Das fünfte Gesicht "im Himmel"

Offb 14:1-5
Das fünfte Gesicht im Himmel ist sehr kurz. Es ist wieder eine Episode und berichtet von den Überwindern, die aus der großen Trübsal gekommen und zum Himmel entrückt sind.

Es bildet einen Teil der größeren Episode und ist eingeschoben. Das vorausgehende Gesicht auf Erden handelte von den Märtyrern, die getötet wurden, weil sie sich geweigert haben, das Tier anzubeten und sein Malzeichen zu nehmen. Die zum Tode Bestimmten sind getötet worden, und die am Leben bleiben sollten, sind lebendig geblieben (Offb 13:10). Die Anbeter des Tieres haben sein Malzeichen empfangen, und diese erhielten das Zeichen des Lammes und seines Vaters an ihre Stirnen. Das scheint auf die 144 000 hinzuweisen, von deren Versiegelung wir in Offb 7 lesen. Sie haben die Gerichte Gottes und die Verfolgungen des Tieres unversehrt überstanden.

Das Gesicht umfasst nur 5 Verse; ihr Gedankenaufbau ist wie folgt:

Das Lamm und die 144 000

H5 - A - Offb 14:1 = Beschreibung.
B - Offb 14:2 = Die himmlischen Stimmen. Die Sänger
B - Offb 14:3 = Die himmlischen Stimmen: Das Lied.
A - Offb 14:4.5 = Beschreibung.

Offb 14:1
Und ich sah, und siehe, das Lamm stehend auf dem Berge Zion und mit ihm hundertvierundvierzigtausend, die hatten seinen Namen und seines Vaters Namen geschrieben an ihrer Stirn.
Das war Offb 3:12 den Überwindern verheißen worden und war die Versiegelung von Offb 7:3. So scheint es wenigstens, obwohl einige meinen, dass hier von einer anderen Schar die Rede sei. Indessen ist es wohl richtig, sie als dieselbe Schar aufzufassen, da die Zahl 144 000 sonst nicht erwähnt wird und auch nicht gesagt ist, um uns gegen ein Missverständnis zu schützen.

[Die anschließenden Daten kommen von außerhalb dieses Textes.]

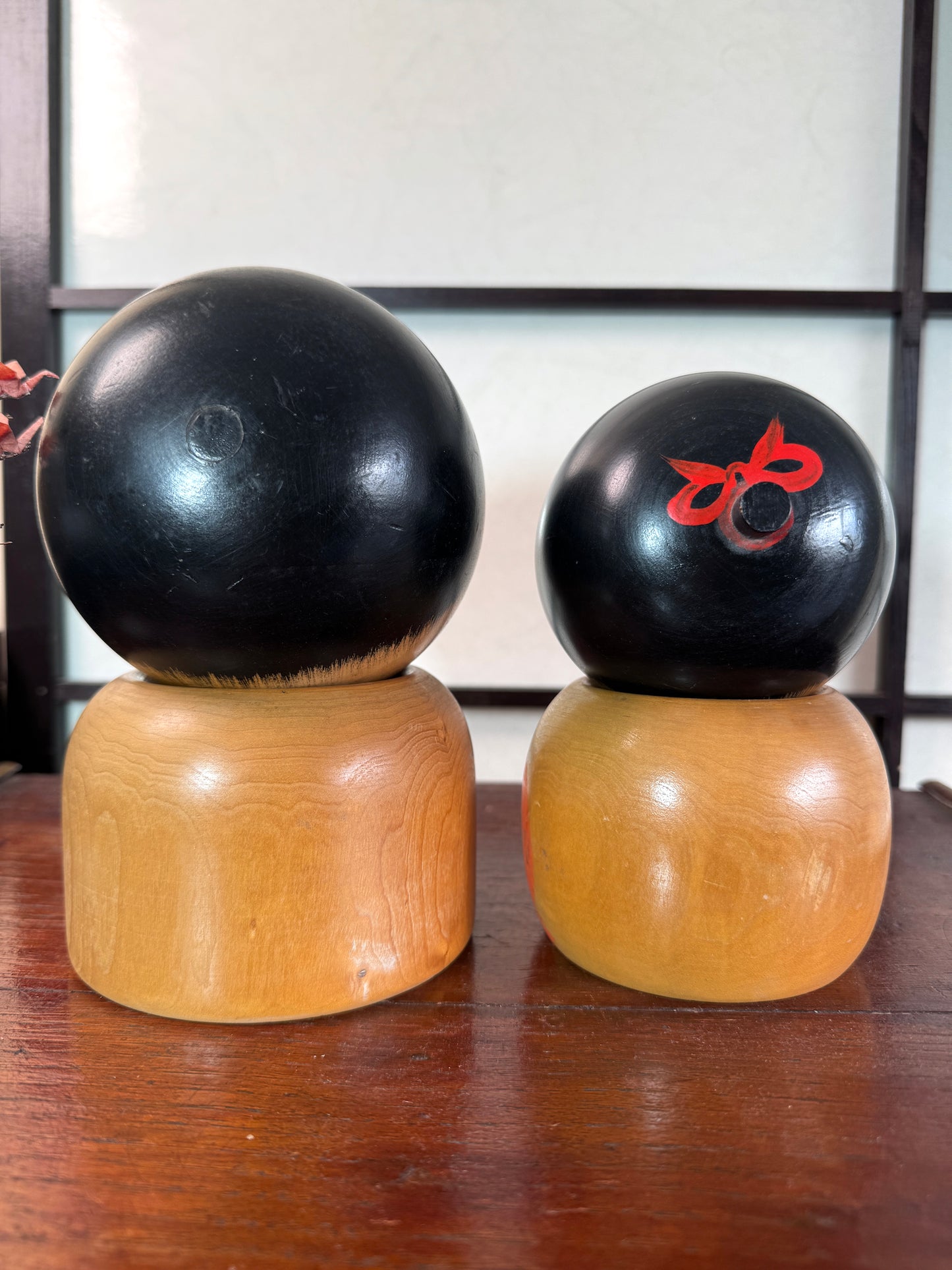 Couple de kokeshi rieuses en bois, calligraphie rouge et verte, signées Sato Kouson, vu de dos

In Offb 7 sehen wir das Versiegeln: hier dagegen haben wir den Ausgang der Versiegelung der 144 000. Dort handelt es sich darum, dass sie unversehrt die Trübsal überstehen mögen, hier ist dieser Zweck erreicht. Es wird dabei voraus gegriffen, aber wir müssten annehmen, dass die Schar jetzt zum Himmel aufführe.

Das Gesicht ist im Himmel; denn die Sänger stehen vor dem Thron und sind bei dem Lamm, das noch nicht auf die Erde herabgekommen ist. Dadurch ist bewiesen, dass hier das himmlische Zion gemeint ist. Der irdische Tempel war nahe bei dem Berg Zion, so ist auch der himmlische Tempel dem himmlischen Zion nahe.

Die Schar ist verhältnismäßig klein; aber es sind die ersten Früchte Gottes und des Lammes, und die Erstlinge sind immer ein kleiner Teil im Vergleich zur ganzen Ernte. Offb 7:1-8 und Offb 7:14 sehen wir die "Erstlinge" und Offb 7:9-17 und Offb 7:15 .die ganze Ernte, die größere Zahl.

Im zweiten Vers ist die Rede von himmlischen Stimmen und Sängern. Daraus erkennen wir wieder, dass das Gesicht im Himmel ist; denn in keinem der himmlischen Gesichte fehlen die Äußerungen von himmlischen Stimmen.

Die himmlischen Stimmen

Offb 14:2
Und ich hörte eine Stimme vom Himmel, wie die Stimme vieler Wasser, und wie eine Stime eines großen Donners; und die Stimme, die ich hörte, war wie der Harfenspieler, die auf ihren Harfen spielen.
Das mit Harfenspielern übersetze Wort kitharodon bezeichnet diejenigen, welche die Sänger mit der Harfe begleiten.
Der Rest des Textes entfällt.